Агрегаторный принцип новых медиаплатформ, документирующих гибридные выставки, ассоциируется с живописью художников Лейпцигской школы (прежде всего Нео Рауха), переживших травму социалистического реализма и потому в силу образования ценящих в иллюзии материальное и вещественное. О близости постов сайта-агрегатора Tzvetnik к картинам Нео Рауха в латвийском блоге arterritory.com писал в январе 2021 года куратор Валентин Дьяконов. В самом деле, у Рауха мы наблюдаем странные интервенции абстрактных глитчей, биологических мутантов или геометрических орнаментов в почтенный немецкий эпос, выдержанный в костюмном стиле романтических новелл с поэтами и бюргерами. Похожая картинка собирается при взгляде на документацию экспозиций агрегаторных сайтов.
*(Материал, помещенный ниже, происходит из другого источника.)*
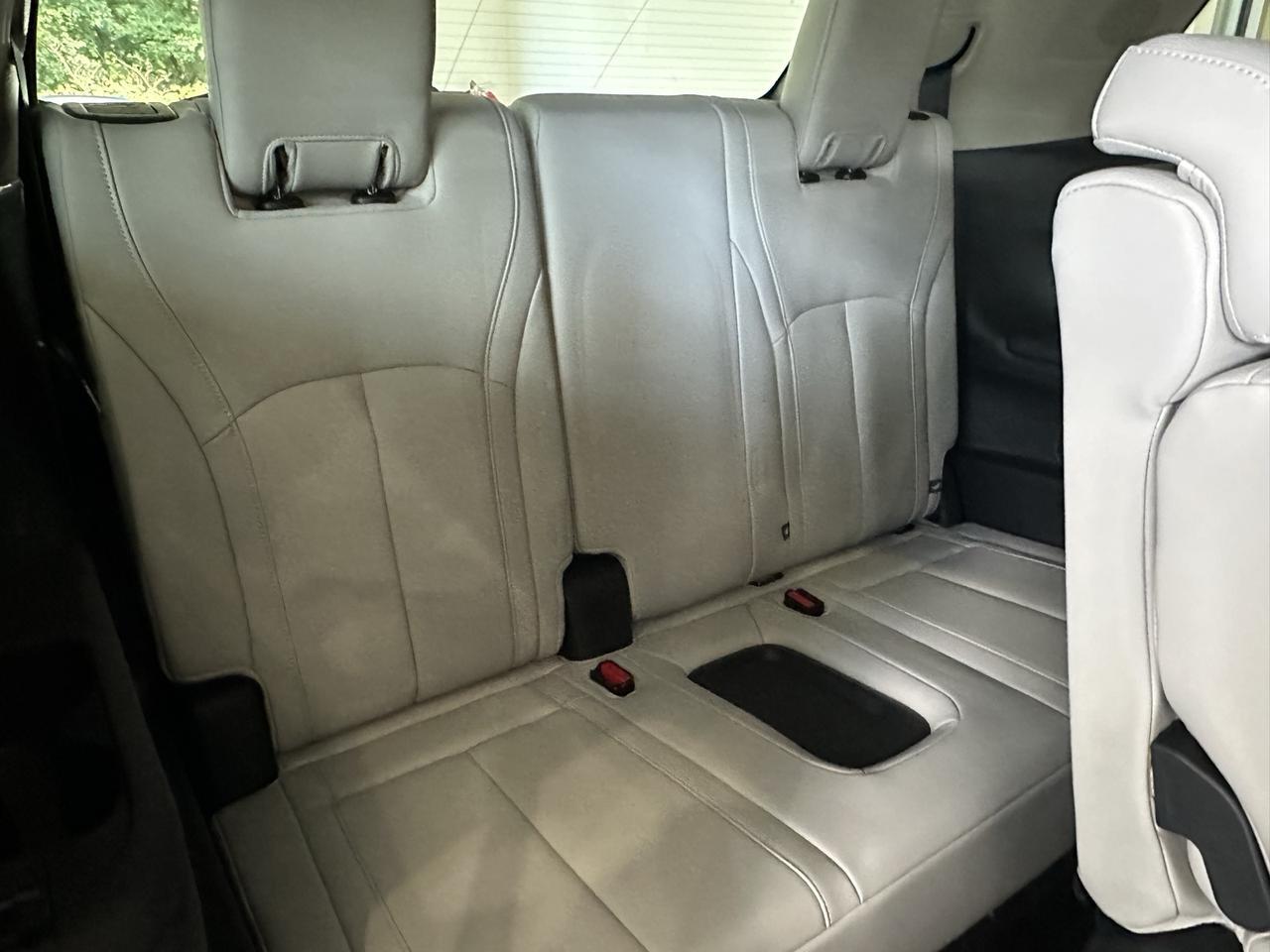 2026 INFINITI QX60 LUXE Annapolis MD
Радикальная неподотчётность нарративу, с одной стороны, словно распахивает объятия самым смелым формальным поискам и рифмам, а с другой, максимально приближает зрителя к статусу художника. Любой созерцатель такого агрегаторного искусства может относиться к произведению как к плоду собственной фантазии и быть преисполненным гордости за то, что посвящён в некий магический ритуал, цели которого неисчерпаемы, как рандомные числа.

Павел Отдельнов. Платформа, 2011
Дерево, масло, 50 × 60 см

Подобные «барочные» изобильные темы, микширующие постконцептуальные визуальные и текстовые шарады с эмблематами и сонмами средневековых чудовищ, увиденными сквозь фильтр советских монументалистов или художников детской книги, живут в работах Егора Кошелева, Евгении Дудниковой, Тани Пёникер, Леонида Цхэ, Анны Андржиевской…

Пожалуй, новая автономность медиа живописи, нежелание что‑либо толковать и в то же время искреннее побуждение к честности, нелицемерности своих детских секретиков, позволили совсем юным художникам вспомнить традиции наивного искусства, искусства аутсайдеров: послевоенный ар-брют, ташизм, информель… На ум приходит творчество россиян Жени Музалевского, Влада Мальцева… Все эти гибридные системы любопытно соответствуют метамодернистской позиции «срединных не-мест», «атопии метаксиса» как упрямого поиска ценности в мире обесценившихся «слов и вещей».